Your task is to transcribe all of the records exactly and leave out the pictures.

**** Supplied records

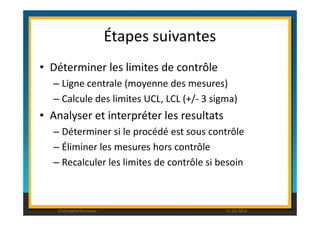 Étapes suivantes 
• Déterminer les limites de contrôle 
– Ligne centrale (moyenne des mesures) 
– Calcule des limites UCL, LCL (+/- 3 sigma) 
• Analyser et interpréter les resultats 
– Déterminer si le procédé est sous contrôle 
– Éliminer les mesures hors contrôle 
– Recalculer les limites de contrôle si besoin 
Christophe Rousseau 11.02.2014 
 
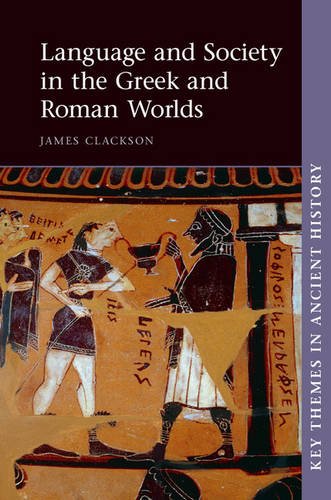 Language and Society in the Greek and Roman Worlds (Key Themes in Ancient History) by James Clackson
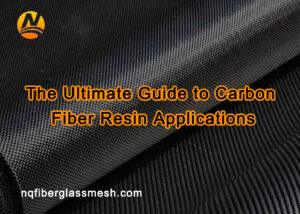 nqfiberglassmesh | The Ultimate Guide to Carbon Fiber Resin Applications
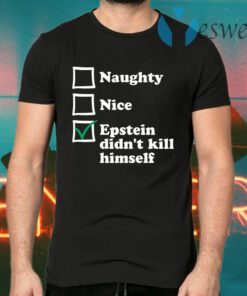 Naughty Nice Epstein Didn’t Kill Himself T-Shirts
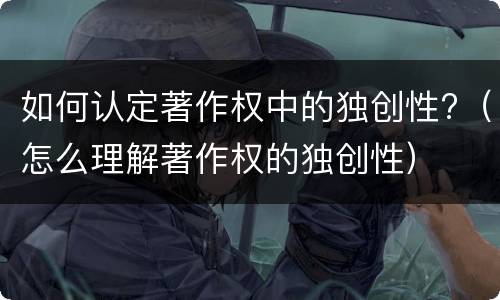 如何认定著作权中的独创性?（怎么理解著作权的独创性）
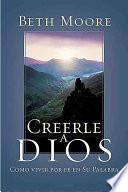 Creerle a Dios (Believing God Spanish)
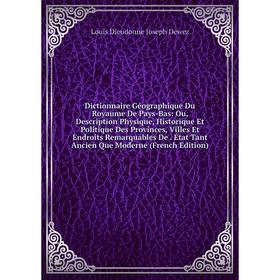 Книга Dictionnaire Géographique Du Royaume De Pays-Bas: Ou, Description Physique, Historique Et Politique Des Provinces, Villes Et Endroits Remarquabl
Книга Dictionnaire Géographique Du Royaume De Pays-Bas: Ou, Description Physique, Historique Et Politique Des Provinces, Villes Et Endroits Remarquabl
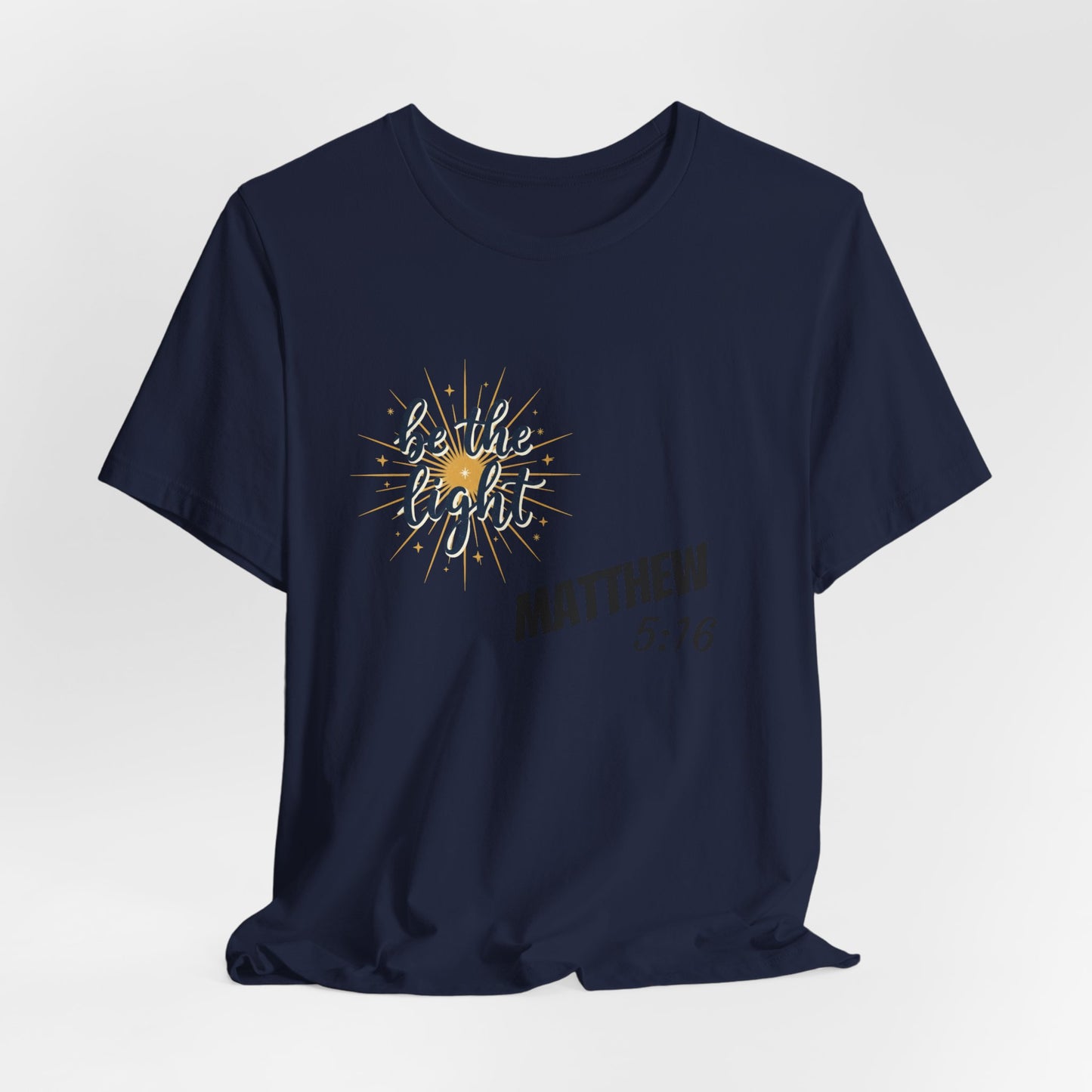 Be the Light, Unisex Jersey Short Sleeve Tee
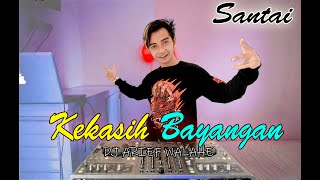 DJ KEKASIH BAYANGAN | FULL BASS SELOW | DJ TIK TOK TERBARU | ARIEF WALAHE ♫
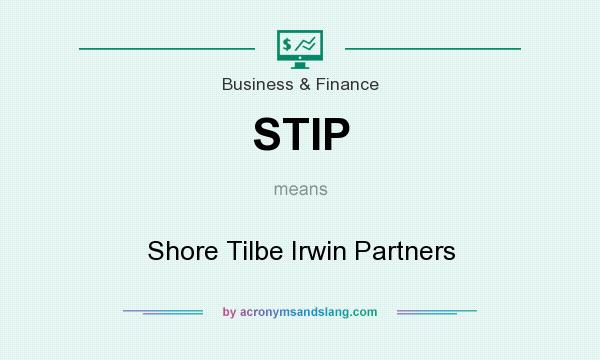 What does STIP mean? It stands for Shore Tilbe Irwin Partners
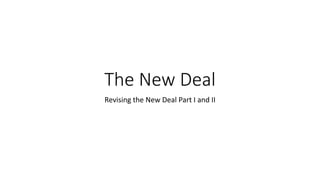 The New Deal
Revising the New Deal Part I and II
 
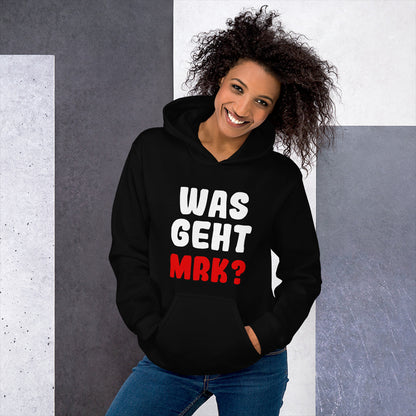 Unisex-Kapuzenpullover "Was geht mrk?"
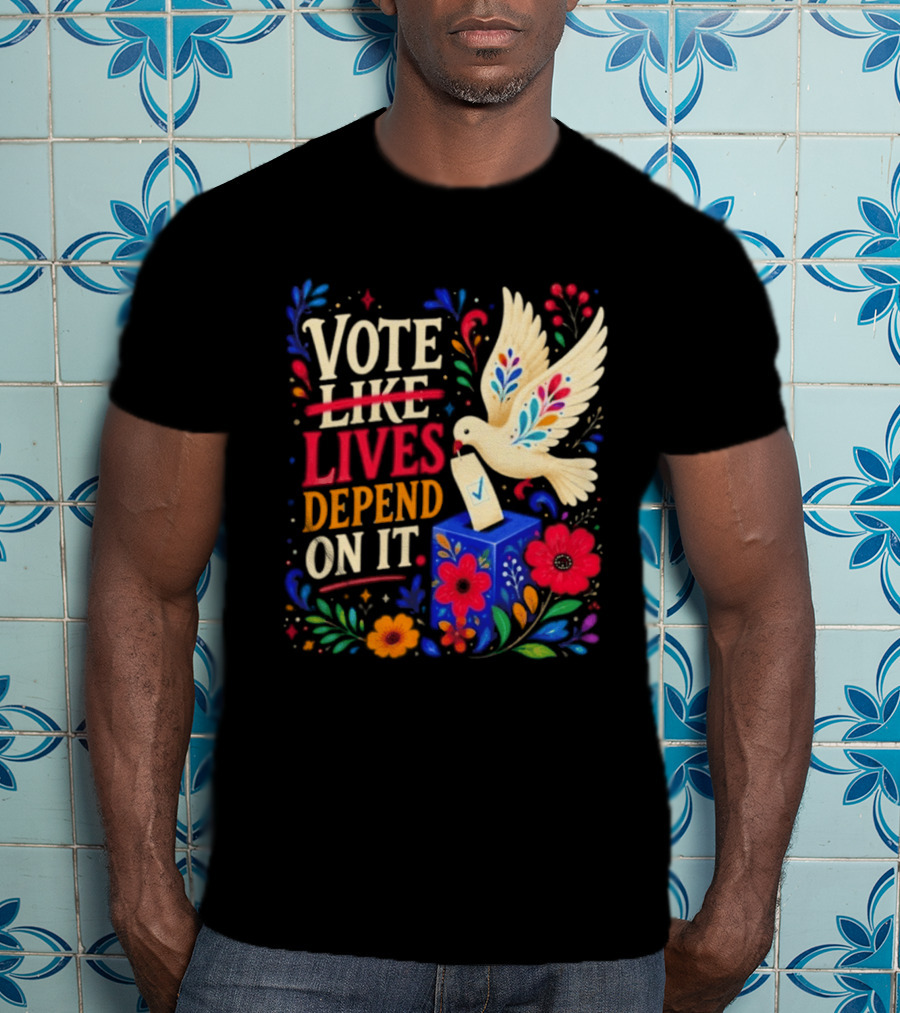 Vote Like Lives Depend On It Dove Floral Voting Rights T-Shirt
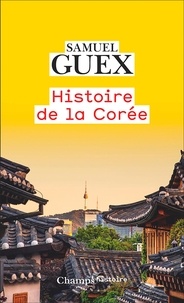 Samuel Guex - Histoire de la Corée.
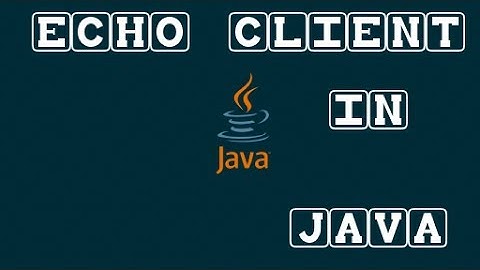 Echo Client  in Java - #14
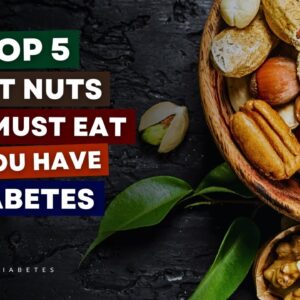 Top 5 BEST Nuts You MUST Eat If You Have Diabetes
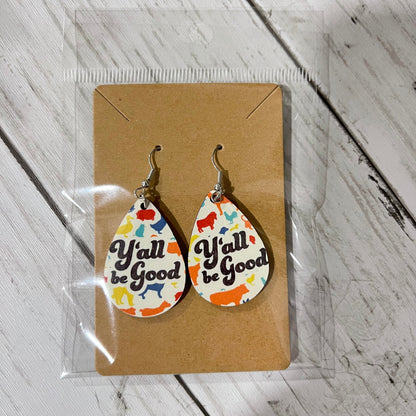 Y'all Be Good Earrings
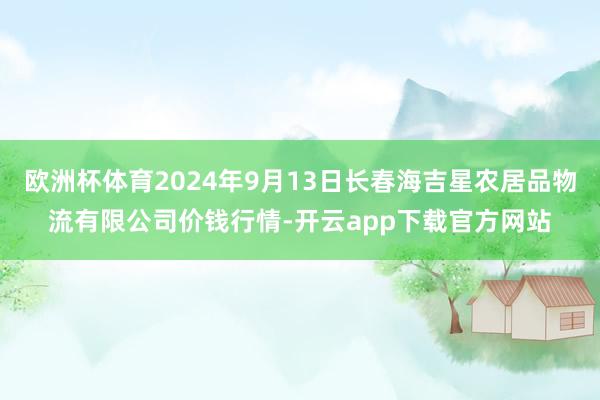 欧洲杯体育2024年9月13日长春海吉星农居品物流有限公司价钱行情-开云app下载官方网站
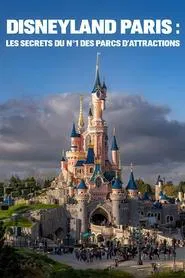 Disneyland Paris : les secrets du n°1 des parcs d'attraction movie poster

********

Response to the exercise:
 Étapes suivantes 
• Déterminer les limites de contrôle 
– Ligne centrale (moyenne des mesures) 
– Calcule des limites UCL, LCL (+/- 3 sigma) 
• Analyser et interpréter les resultats 
– Déterminer si le procédé est sous contrôle 
– Éliminer les mesures hors contrôle 
– Recalculer les limites de contrôle si besoin 
Christophe Rousseau 11.02.2014 
 
 Language and Society in the Greek and Roman Worlds (Key Themes in Ancient History) by James Clackson
 nqfiberglassmesh | The Ultimate Guide to Carbon Fiber Resin Applications
 Naughty Nice Epstein Didn’t Kill Himself T-Shirts
 如何认定著作权中的独创性?（怎么理解著作权的独创性）
 Creerle a Dios (Believing God Spanish)
 Книга Dictionnaire Géographique Du Royaume De Pays-Bas: Ou, Description Physique, Historique Et Politique Des Provinces, Villes Et Endroits Remarquabl
Книга Dictionnaire Géographique Du Royaume De Pays-Bas: Ou, Description Physique, Historique Et Politique Des Provinces, Villes Et Endroits Remarquabl
 Be the Light, Unisex Jersey Short Sleeve Tee
 DJ KEKASIH BAYANGAN | FULL BASS SELOW | DJ TIK TOK TERBARU | ARIEF WALAHE ♫
 What does STIP mean? It stands for Shore Tilbe Irwin Partners
 The New Deal
Revising the New Deal Part I and II
 
 Unisex-Kapuzenpullover "Was geht mrk?"
 Vote Like Lives Depend On It Dove Floral Voting Rights T-Shirt
 Samuel Guex - Histoire de la Corée.
 Echo Client  in Java - #14
 Top 5 BEST Nuts You MUST Eat If You Have Diabetes
 Y'all Be Good Earrings
 欧洲杯体育2024年9月13日长春海吉星农居品物流有限公司价钱行情-开云app下载官方网站
 Disneyland Paris : les secrets du n°1 des parcs d'attraction movie poster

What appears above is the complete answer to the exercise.